After our respite and refreshments we took a short walk around the community. The town of Kalambaka sits right at the base of the Meteora area and is where much of the local population resides. Just down the road is Kastraki, which has the reputation of being more touristy and much less charming. I found Koka Roka on the internet based on some individual trip reports that created the picture of a small family run taverna that brought you in to the heart of the Greece culture and where mother Katarina took care of you, well, like a mother. From what we had seen, they were right. Our Koko Roka family may have seemed a little strange by western standards, but they could be the Greek Beaver Cleavers.


Outside the Koka Roka










The entire town is populated with clean white washed buildings with orange tile roofs. Vines, flowers and fruit trees grow from every patch of open ground and every crack in the walk ways. The roses were in bloom and you could pick ripe loquats off the tree right outside our door.

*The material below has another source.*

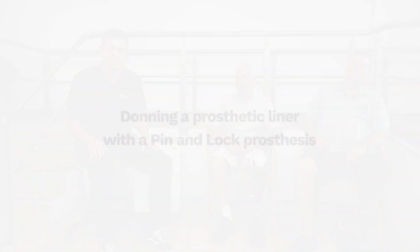Hi there, my name's Dakota. I'm a certified prosthetist with Spayer AutoBot Care. Today I'm joined here with Guy and Bill, and they're going to be helping us demonstrate the correct way to put on a prosthetic liner and a prosthetic sleeve.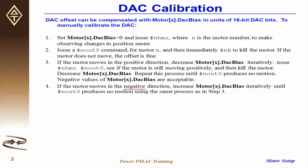If the motor moves in the negative direction instead, you need to increase MotorX.DAC bias iteratively until out 0 produces no motion, using the same process as in step 3 shown here.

Approximate location of Koka Roka taken from trail behind town











We returned for dinner in the small dining area. The dining room was about 15 square and opened in to the kitchen where Katarina chopped and prepared the food for cooking. There was one main table about 8 long that sat in front of an open hearth fire place.

Arthur prepared souvlaki, moskharusia and kotopoulo over the coals in the fire place at the front of the room. After a fine spicy meal, a glass of wine and some time to relax and talk we were ready for a good night sleep.